Saturday, November 28, 2009

How You Can Tell Sarah's Key is Written by a Non-Jew

At my temple book club discussion of Sarah's Key last week, I realized exactly what was so disturbing about the ending of Sarah's Key (spoiler alert!). When I got to the part where the reader learns that Sarah committed suicide, it didn't ring true to me. That a woman who was so committed to surviving the Holocaust should then run her car into a tree as an adult seemed to ring false. A depressed, sad woman, given all that she experienced, ok, that I could see, but why should she have killed herself? It didn't seem statistically true. Yes, as one woman said at the book club, Primo Levi killed himself. But as another woman said, a Jewish author would not have had the Sarah character kill herself. Sarah's Key is a bestseller and is soon to be a movie filmed in France, with Helen Scott Thomas as the glamorous lead playing the modern-day French woman who uncovers Sarah's story. As Jordana Horn wrote in the Forward last week, speaking of Anne Frank, it's as if the world only likes a "dead Jew" in their Holocaust fiction.

It's also disturbing (by the way, I did like the book, in that it is a well-crafted story, and does not shy away from depicting French involvement in orchestrating the killing of Jews in the Holocaust) that the personal problems of the French journalist are given as much weight, as much gravitas, as Sarah's Shoah experiences, just by virtue of having the chapters alternate with Sarah's story.

Wednesday, November 25, 2009

Schlemiels in Contemporary Film and Fiction

I'm reading "The Schlemiel as Metaphor" by Sanford Pinsker right now. After seeing the Coen brother movie, "A Serious Man", a few weeks ago, I recognized the main character as a the classic "schlemiel" of Yiddish and contemporary Jewish literature. I'm reading Pinsker to find out the significance of this.

I do think that this helps explain the Coen brothers' inclusion of the Yiddish tale at the start of the film. I haven't seen any critics analyze the film in this way.

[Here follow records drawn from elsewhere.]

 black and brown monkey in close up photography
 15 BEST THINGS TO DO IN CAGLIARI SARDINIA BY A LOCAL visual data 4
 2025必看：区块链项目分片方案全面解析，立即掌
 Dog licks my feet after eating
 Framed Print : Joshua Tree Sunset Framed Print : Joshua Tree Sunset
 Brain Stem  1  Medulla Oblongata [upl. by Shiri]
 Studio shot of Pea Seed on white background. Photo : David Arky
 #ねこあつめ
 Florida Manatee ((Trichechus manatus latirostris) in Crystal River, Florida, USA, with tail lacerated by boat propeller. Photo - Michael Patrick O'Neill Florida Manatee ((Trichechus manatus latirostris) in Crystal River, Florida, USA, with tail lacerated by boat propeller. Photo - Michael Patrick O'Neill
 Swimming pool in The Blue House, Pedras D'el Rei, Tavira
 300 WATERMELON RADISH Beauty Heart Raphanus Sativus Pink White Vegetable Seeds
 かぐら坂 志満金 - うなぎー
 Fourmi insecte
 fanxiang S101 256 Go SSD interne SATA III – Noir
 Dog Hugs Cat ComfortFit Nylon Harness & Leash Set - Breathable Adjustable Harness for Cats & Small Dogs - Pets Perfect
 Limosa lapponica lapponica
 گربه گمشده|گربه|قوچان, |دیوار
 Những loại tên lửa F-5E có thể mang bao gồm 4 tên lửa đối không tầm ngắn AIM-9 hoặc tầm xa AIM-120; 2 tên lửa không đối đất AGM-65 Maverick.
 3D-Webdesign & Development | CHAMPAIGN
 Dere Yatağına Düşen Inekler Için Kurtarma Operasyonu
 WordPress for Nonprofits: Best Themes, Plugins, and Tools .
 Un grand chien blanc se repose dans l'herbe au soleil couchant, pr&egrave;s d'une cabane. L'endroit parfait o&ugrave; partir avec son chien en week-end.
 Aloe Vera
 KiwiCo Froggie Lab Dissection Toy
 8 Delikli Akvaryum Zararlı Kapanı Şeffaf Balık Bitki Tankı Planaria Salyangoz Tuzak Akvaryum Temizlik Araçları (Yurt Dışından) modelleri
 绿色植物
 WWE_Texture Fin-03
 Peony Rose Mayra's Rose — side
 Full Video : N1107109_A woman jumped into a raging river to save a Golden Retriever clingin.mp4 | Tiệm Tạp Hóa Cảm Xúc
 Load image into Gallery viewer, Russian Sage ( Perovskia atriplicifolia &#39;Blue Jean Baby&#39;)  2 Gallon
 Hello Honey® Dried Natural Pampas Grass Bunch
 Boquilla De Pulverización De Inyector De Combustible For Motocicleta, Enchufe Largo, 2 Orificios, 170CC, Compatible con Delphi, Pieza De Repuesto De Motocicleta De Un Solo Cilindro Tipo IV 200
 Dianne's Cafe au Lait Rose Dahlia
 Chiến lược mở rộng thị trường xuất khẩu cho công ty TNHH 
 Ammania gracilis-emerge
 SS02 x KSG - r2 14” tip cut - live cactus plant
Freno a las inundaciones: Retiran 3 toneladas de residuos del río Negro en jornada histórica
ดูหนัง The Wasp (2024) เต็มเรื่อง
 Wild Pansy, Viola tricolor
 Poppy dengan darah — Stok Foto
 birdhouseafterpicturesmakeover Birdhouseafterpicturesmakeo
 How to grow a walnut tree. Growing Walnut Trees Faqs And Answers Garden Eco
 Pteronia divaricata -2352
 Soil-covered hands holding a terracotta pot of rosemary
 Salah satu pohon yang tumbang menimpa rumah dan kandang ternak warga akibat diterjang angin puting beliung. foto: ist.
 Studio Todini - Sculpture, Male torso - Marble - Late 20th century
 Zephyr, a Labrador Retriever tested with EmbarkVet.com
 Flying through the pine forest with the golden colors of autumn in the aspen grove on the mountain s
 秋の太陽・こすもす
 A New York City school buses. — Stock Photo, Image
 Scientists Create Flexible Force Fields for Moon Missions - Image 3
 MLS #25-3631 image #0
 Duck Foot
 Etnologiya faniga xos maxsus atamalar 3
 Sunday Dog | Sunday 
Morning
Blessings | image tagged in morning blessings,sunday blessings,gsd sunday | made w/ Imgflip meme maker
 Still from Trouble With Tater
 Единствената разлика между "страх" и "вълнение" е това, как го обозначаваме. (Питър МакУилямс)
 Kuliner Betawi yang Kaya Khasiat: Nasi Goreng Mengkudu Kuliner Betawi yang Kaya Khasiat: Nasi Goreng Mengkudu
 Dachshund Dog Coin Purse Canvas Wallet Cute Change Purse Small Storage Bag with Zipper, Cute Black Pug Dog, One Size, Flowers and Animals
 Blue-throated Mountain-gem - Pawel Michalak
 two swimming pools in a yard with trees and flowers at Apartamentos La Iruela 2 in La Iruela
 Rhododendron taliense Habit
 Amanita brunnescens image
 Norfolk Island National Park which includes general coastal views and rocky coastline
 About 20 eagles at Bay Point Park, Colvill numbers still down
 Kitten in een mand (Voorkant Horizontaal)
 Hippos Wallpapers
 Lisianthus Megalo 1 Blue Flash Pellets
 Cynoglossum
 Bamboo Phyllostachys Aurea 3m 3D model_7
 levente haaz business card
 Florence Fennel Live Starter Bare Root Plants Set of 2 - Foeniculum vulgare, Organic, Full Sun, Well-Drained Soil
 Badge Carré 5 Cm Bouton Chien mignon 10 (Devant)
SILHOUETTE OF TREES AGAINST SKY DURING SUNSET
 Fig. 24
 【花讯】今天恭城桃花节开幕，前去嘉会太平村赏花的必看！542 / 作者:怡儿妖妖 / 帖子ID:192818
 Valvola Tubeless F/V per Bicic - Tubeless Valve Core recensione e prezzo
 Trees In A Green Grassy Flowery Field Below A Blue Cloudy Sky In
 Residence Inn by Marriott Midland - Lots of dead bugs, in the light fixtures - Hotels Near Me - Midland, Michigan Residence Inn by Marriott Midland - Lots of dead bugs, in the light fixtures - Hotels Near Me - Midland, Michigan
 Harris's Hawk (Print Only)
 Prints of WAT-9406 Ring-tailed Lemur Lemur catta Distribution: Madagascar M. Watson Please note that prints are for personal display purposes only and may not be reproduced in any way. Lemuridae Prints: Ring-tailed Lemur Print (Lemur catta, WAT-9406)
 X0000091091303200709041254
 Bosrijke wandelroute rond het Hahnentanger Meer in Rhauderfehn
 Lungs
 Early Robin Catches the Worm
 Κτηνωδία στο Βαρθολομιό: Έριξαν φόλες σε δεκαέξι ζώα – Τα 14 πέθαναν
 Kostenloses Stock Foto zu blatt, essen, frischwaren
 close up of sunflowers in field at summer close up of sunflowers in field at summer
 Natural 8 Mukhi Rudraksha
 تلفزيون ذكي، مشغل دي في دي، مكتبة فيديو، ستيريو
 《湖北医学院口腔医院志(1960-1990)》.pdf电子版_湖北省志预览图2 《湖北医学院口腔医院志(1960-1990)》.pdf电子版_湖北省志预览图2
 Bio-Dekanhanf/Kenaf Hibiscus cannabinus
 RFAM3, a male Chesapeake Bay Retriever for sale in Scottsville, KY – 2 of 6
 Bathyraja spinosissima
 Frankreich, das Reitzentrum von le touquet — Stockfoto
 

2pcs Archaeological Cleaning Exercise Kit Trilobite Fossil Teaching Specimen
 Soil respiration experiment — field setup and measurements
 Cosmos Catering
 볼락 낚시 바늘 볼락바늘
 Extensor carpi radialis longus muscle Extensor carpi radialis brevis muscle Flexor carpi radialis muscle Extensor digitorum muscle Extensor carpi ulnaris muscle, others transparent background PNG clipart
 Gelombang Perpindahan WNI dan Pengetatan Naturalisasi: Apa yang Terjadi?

I think that beginning story, like the entire film, is a study on the "schlemiel" as well as an attempt to bring life back to the shtetl, which today's audience is unfamiliar with.

Pinsker writes that this schlemiel chracter came out of the Yiddish literature of the East European ghettos in the late nineteenth century. The "goals of the schlemiel, like those of the ghetto Jew, were primarily socioeconomic ones and his continual defeats forced him to view life from a bittersweet perspective. Thus his humor reflected the 'laughter through tears' philosophy of life..." And Pinsker writes about how the schlemiel reappears in contemporary American literature.

I see that husband in the fake-old Yiddish tale as a schlemiel--who takes the dybbuk's words at face value just as Gopnik does with the rabbis' advice---in both stories, it's the wife that rules that roost and has all the power. And Gopnik is the Cohen's take on the modern-day schlemiel.

Pinsker writes, "the schlemiel in contemporary literature is often the one who sees his problem, but no possible solution (Gopnik!). If the traditional schlemiel adapted an ironic posture to face a world he could neither beat nor quit, . . the modern schlemiel "liv[es] on the bare edge of things, embracing thoughts of failure at the same time he is committed to systems of success." The bare edge is that midwestern prairie on which "The Serious Man" is set.